━━━━━ Exercise materials ━━━━━
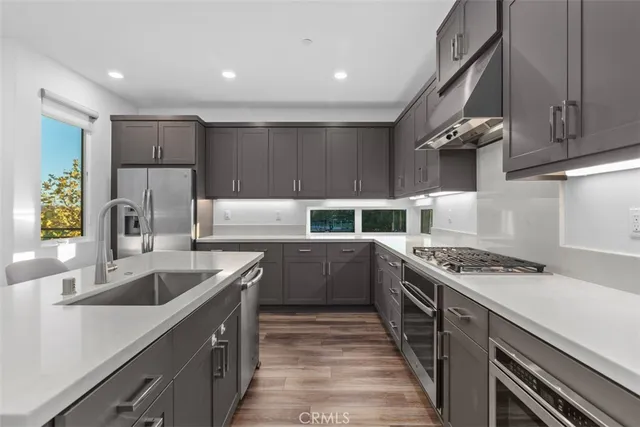a kitchen with a stove sink and cabinets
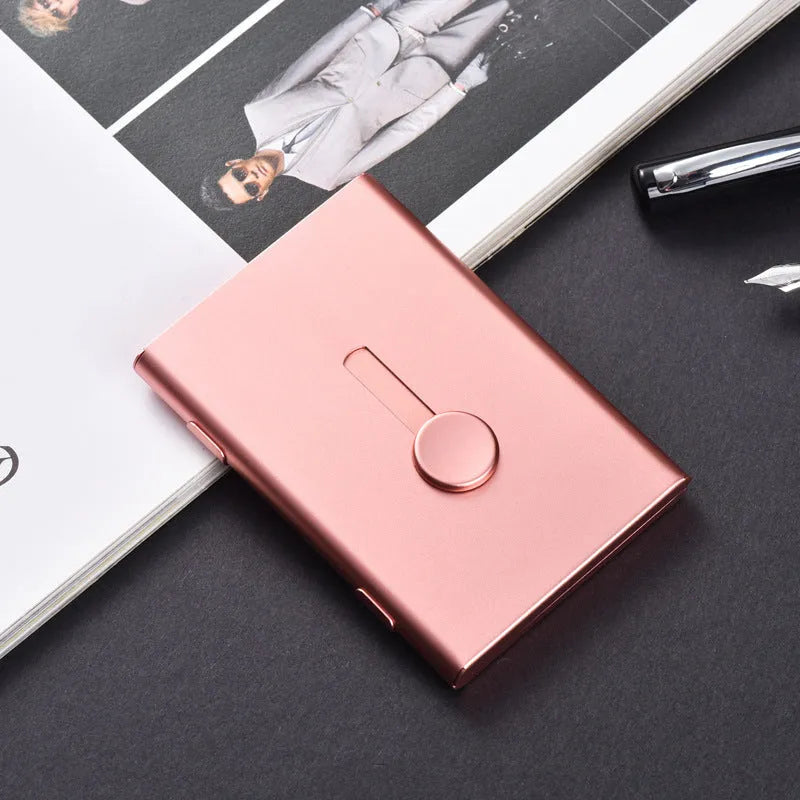 Hand push aluminium alloy RFID blocking business card case in black, 93x65x12mm, holding 6 cards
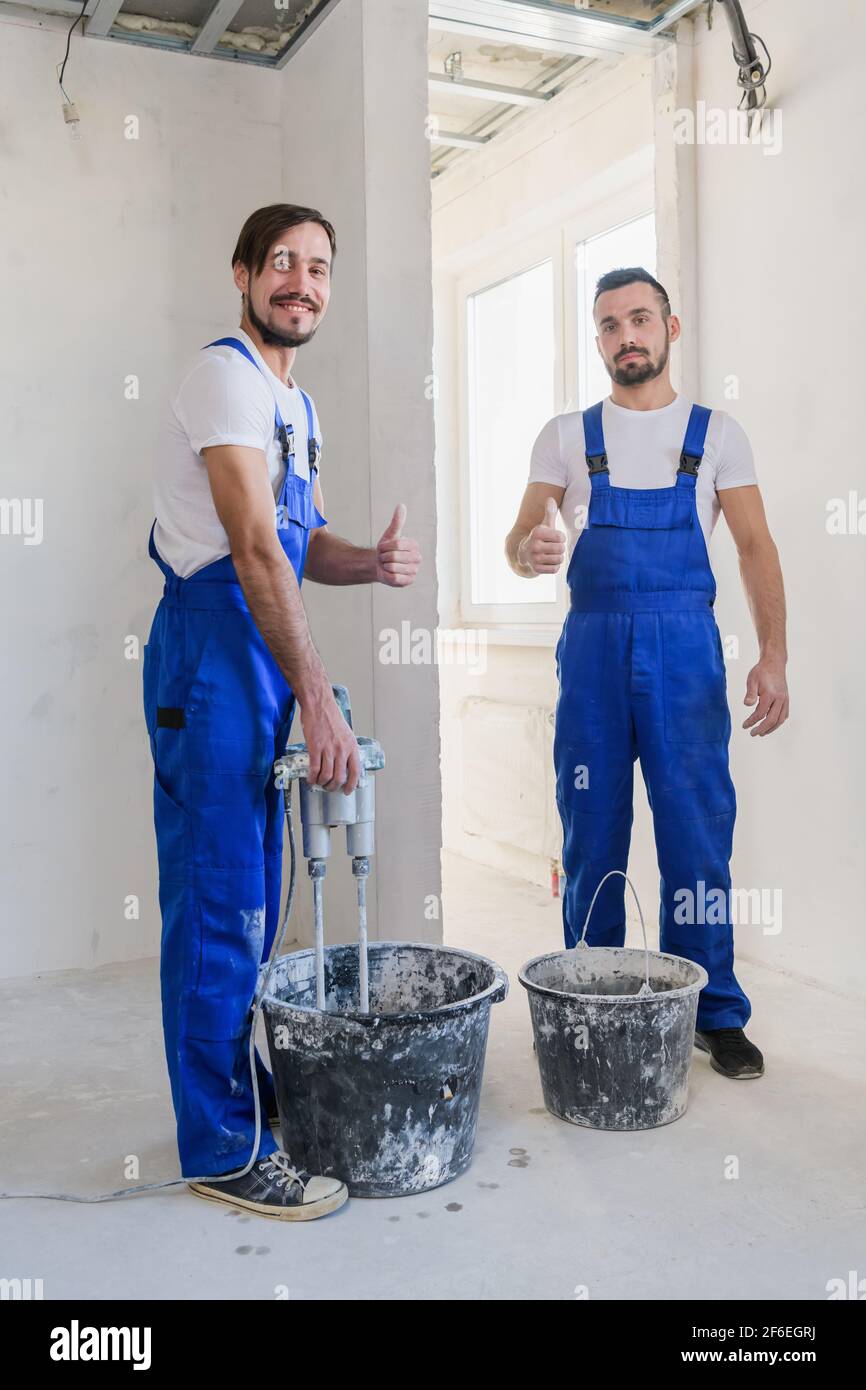 Two construction workers in blue uniform prepare cement in a bucket Stock Photo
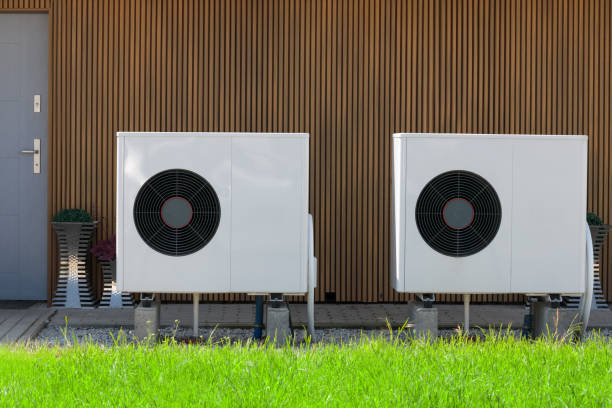 istock Modern house front with installed air source heat pumps. Concept of renewable energy. 1498414802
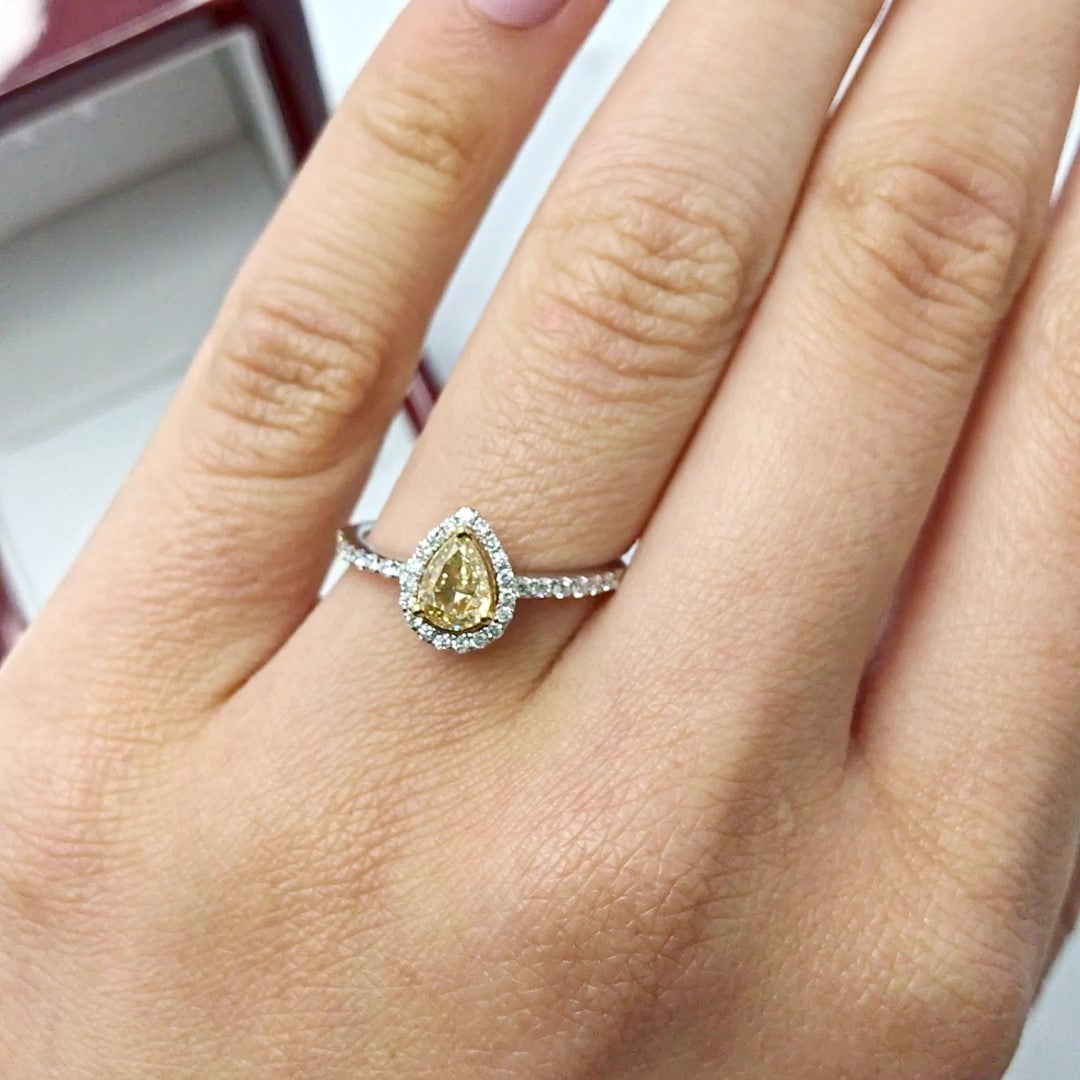Pear-Shaped Yellow Diamond Halo design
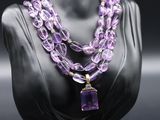 a close up of a mannequin with a purple necklace on it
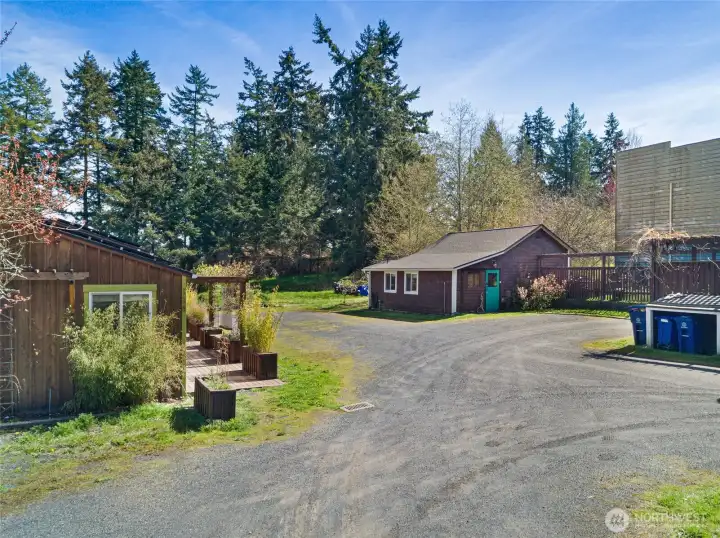 The converted garage that is currently used as a message / office. 3/4 bath sliders on the backside.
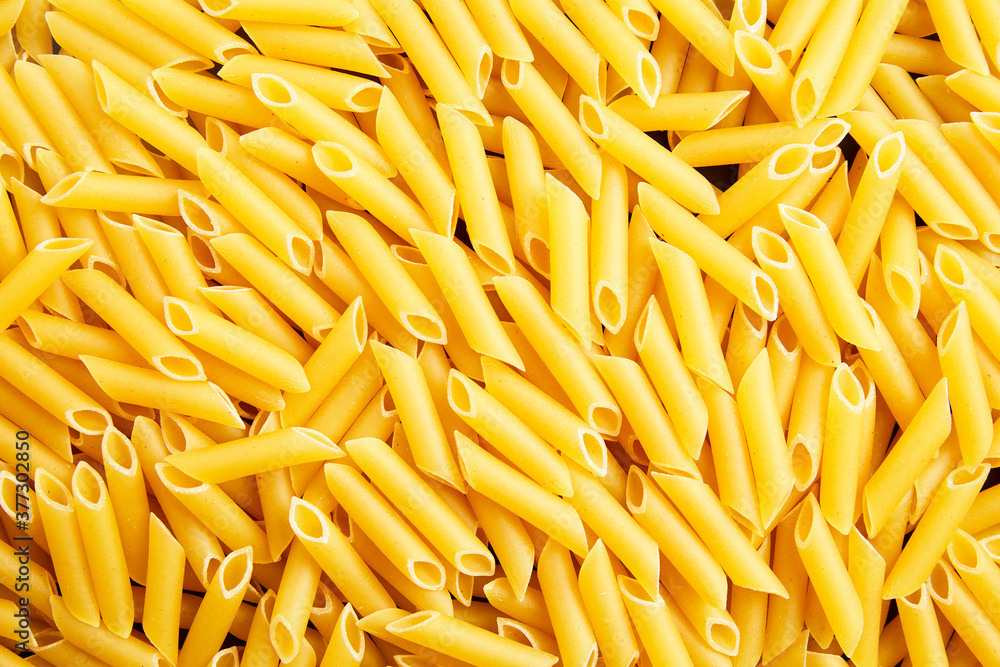 Macaroni background, Italian pasta. Background for publicity Macaroni background, Italian pasta. Background for publicity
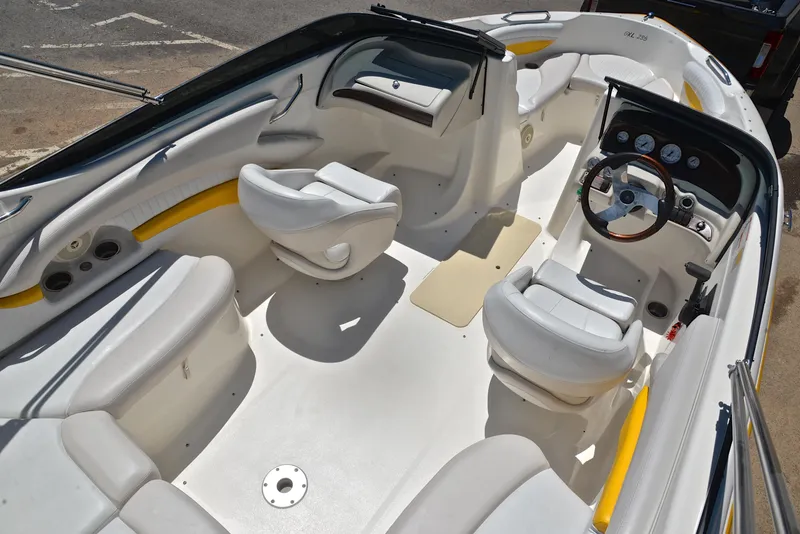 Slide: The Image of 2007 Glastron GXL 235 boat interior with white seating and steering console. - 18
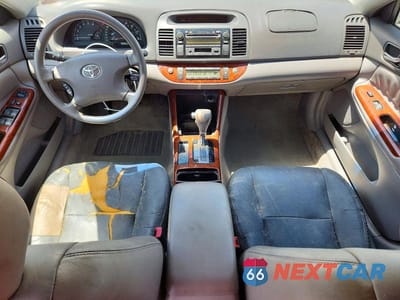 Zdjęcie 8 z 12 samochodu: 2003 TOYOTA CAMRY XLE VIN:4T1BE32K83U722335 - miniatura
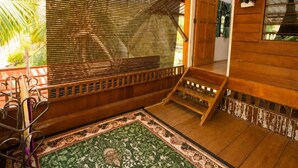 A room with a wooden bench, a patterned rug, and a wooden door.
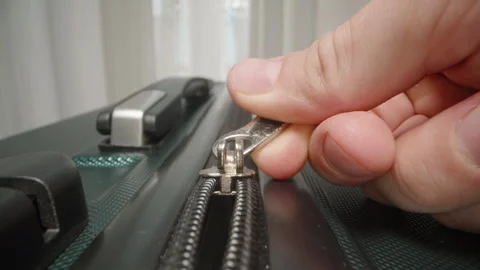 Dolly slider, close up. A Hand pulls the zipper of a suitcase, symbolizing the Stock Footage 282311069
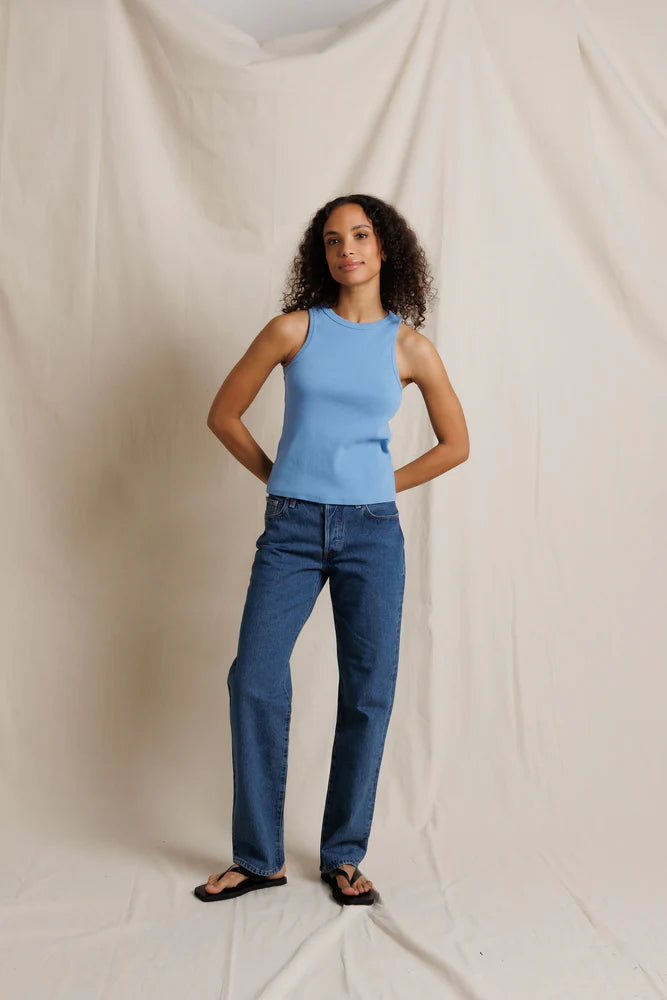 Woman wearing a light blue sleeveless top and dark blue jeans against a plain background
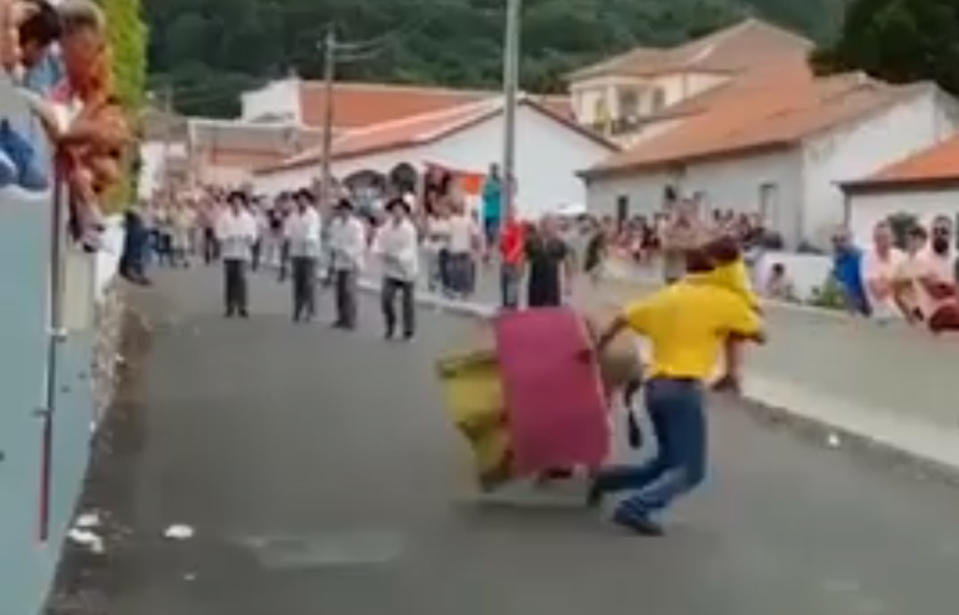 A man has been caught on video attempting to fight a bull while holding a small child in his arms. Source: Plataforma Basta de Touradas / Facebook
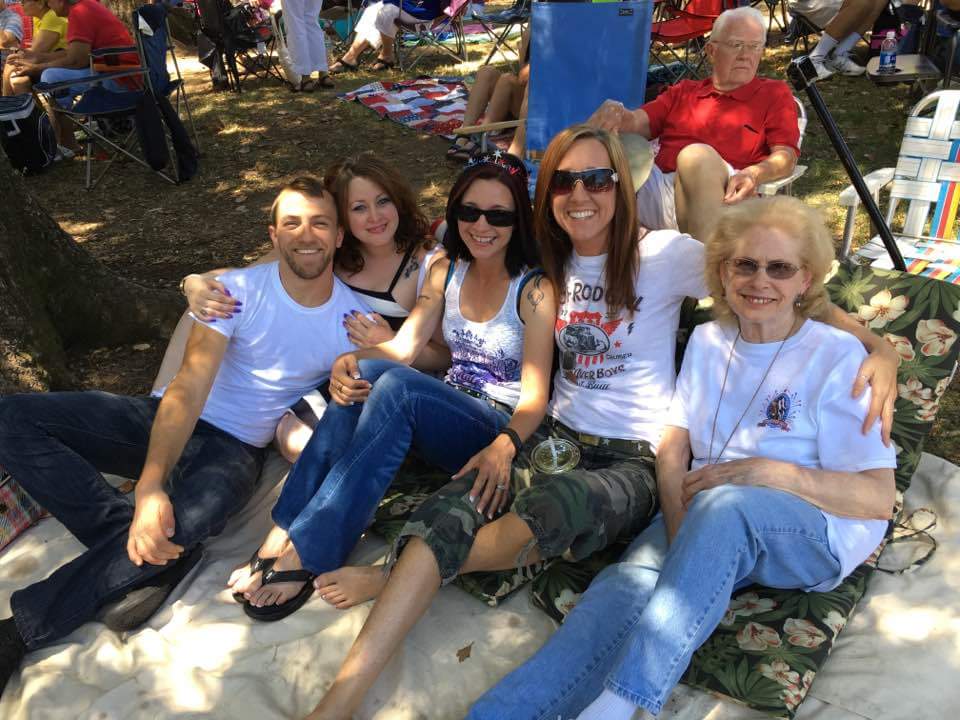 Image may contain: 7 people, people smiling, people sitting and outdoor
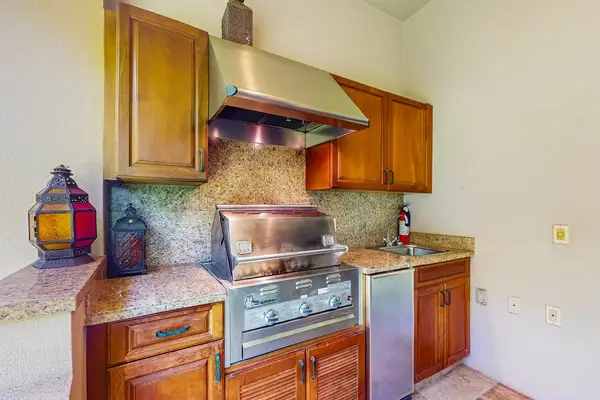 Dine at the nearby table for six, or push back the sliding glass doors and unite the indoors with the outdoors with an additional table and chairs and a wet bar with a gas grill, heating drawers, and a minifridge.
━━━━━
### Work request
Print out each record exactly as shown, but keep the pictures out.

### Output of the task
a kitchen with a stove sink and cabinets
 Hand push aluminium alloy RFID blocking business card case in black, 93x65x12mm, holding 6 cards
 Two construction workers in blue uniform prepare cement in a bucket Stock Photo
 istock Modern house front with installed air source heat pumps. Concept of renewable energy. 1498414802
Pear-Shaped Yellow Diamond Halo design
 a close up of a mannequin with a purple necklace on it
 The converted garage that is currently used as a message / office. 3/4 bath sliders on the backside.
 Macaroni background, Italian pasta. Background for publicity Macaroni background, Italian pasta. Background for publicity
 Slide: The Image of 2007 Glastron GXL 235 boat interior with white seating and steering console. - 18
 Zdjęcie 8 z 12 samochodu: 2003 TOYOTA CAMRY XLE VIN:4T1BE32K83U722335 - miniatura
 A room with a wooden bench, a patterned rug, and a wooden door.
 Dolly slider, close up. A Hand pulls the zipper of a suitcase, symbolizing the Stock Footage 282311069
 Woman wearing a light blue sleeveless top and dark blue jeans against a plain background
 A man has been caught on video attempting to fight a bull while holding a small child in his arms. Source: Plataforma Basta de Touradas / Facebook
 Image may contain: 7 people, people smiling, people sitting and outdoor
 Dine at the nearby table for six, or push back the sliding glass doors and unite the indoors with the outdoors with an additional table and chairs and a wet bar with a gas grill, heating drawers, and a minifridge.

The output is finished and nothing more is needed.